To get GitHub commits flagged in Hosted Graphite follow these instructions:
Go to the Addons page, and in the Annotation Add-Ons section click on the GitHub card.
Copy the webhook URL, including your API key.
Browse to your GitHub repo, visit the ‘settings’ section, then ‘webhooks’
Hit Save
Deploy Event Tags – ‘github’, ‘deployment’, <status>, <repo>, <user>, <environment>
This enables you to automatically monitor the correlation between GitHub changes and how your system is functioning.
Amazon Simple Queue Service (SQS) is a message queuing service that you use to decouple and scale microservices, distributed systems, and serverless applications. Amazon SQS supports programmatic sending of messages via web service applications as a way to communicate over the Internet. It is fully managed and eliminates the complexity and overhead associated with operating message-oriented middleware. Amazon SQS is used by companies such as Netflix, Dropbox, NASA, and more.
With SQS, you can send, store, and receive messages between software components without the need for another service. You can get started with SQS in minutes using the AWS console, Command-Line Interface, or SDK of your choice.
SQS offers two types of message queues:
You can use Amazon SQS to add an extra layer of security to your messaging services. You can exchange sensitive data between applications using server-side encryption (SSE) to encrypt each message. Plus, because Amazon SQS scales elastically with your applications, it is a highly cost-effective messaging solution.
Amazon SQS is fully integrated with Amazon CloudWatch, allowing you to view and analyze your Amazon SQS queue metrics, which is where MetricFire comes into play.
With Metricfire, you can turbocharge your Amazon SQS monitoring services. By integrating Amazon CloudWatch with the Metricfire platform, you can display your metrics on aesthetically pleasing dashboards. MetricFire's advanced filtering lets you choose only the data views you want to see and discard the rest. You can also set up simple rules to discard data you no longer keep, plus receive alerts via email or Slack when your message queues are doing something they shouldn't.
To get started, first, create a policy that we will later attach to the user.
Next, we’ll create a user to attach the policy. We’ll use the Access Key/Secret Key tokens to permit Hosted Graphite to import CloudWatch metric data.

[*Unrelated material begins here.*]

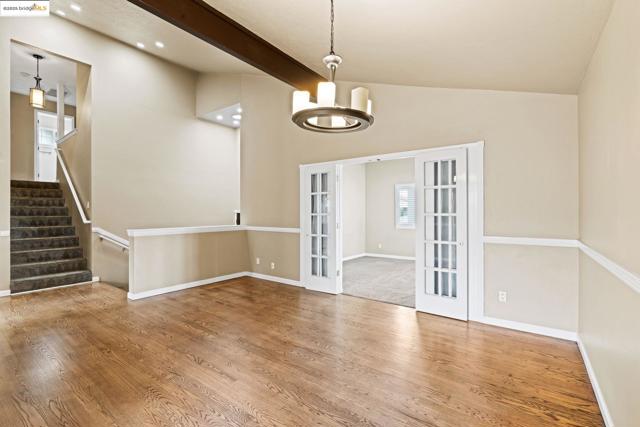 838 Hazel St, Livermore CA: https://media.crmls.org/mediaz/b0072b79-d538-473a-b379-6a8a974a9bd6.jpg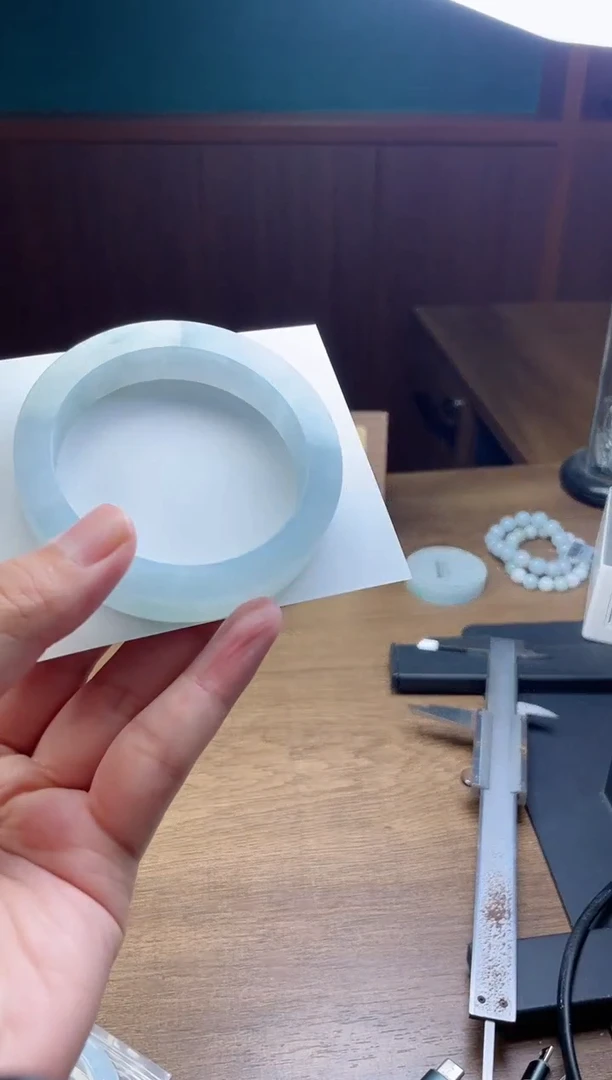 未镶嵌手镯定制翡翠M**?定制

To enable the CloudWatch add-on, go to the add-ons page in your Hosted Graphite account and choose the option for Amazon AWS CloudWatch. From there you can select the AWS services you wish to connect with.
If you have any questions about getting your AWS instances connected to Hosted Graphite, contact our team. We're happy to help you!
To integrate GitHub and Amazon SQS with your monitoring system, sign up for a free trial with MetricFire. Talk with the MetricFire team about how to integrate GitHub and Amazon SQS and get GitHub and Amazon SQS interacting with your MetricFire dashboards directly.
MetricFire is a full-scale platform that provides infrastructure, system, and application monitoring using a suite of open-source monitoring tools. We enable you to use Hosted Graphite and aesthetic custom dashboards to visualize your metrics so you can understand what is happening.
MetricFire offers a complete ecosystem of end-to-end infrastructure monitoring, comprised of open-source Graphite and popular dashboards. Plugins for many other open-source projects are preconfigured, such as StatsD, collectd, and more. Not only does MetricFire fit well into many monitoring use cases, such as server monitoring, but we also offer application and cloud infrastructure monitoring.
Through this hosted environment, MetricFire boosts the unique features of open-source projects to give you more functionality than the original products. Below are some of the MetricFire features at a glance:
The key thing to remember is that Hosted Graphite by MetricFire is more than just Graphite. Our Hosted Graphite product actually adds data dimensionality and better data storage.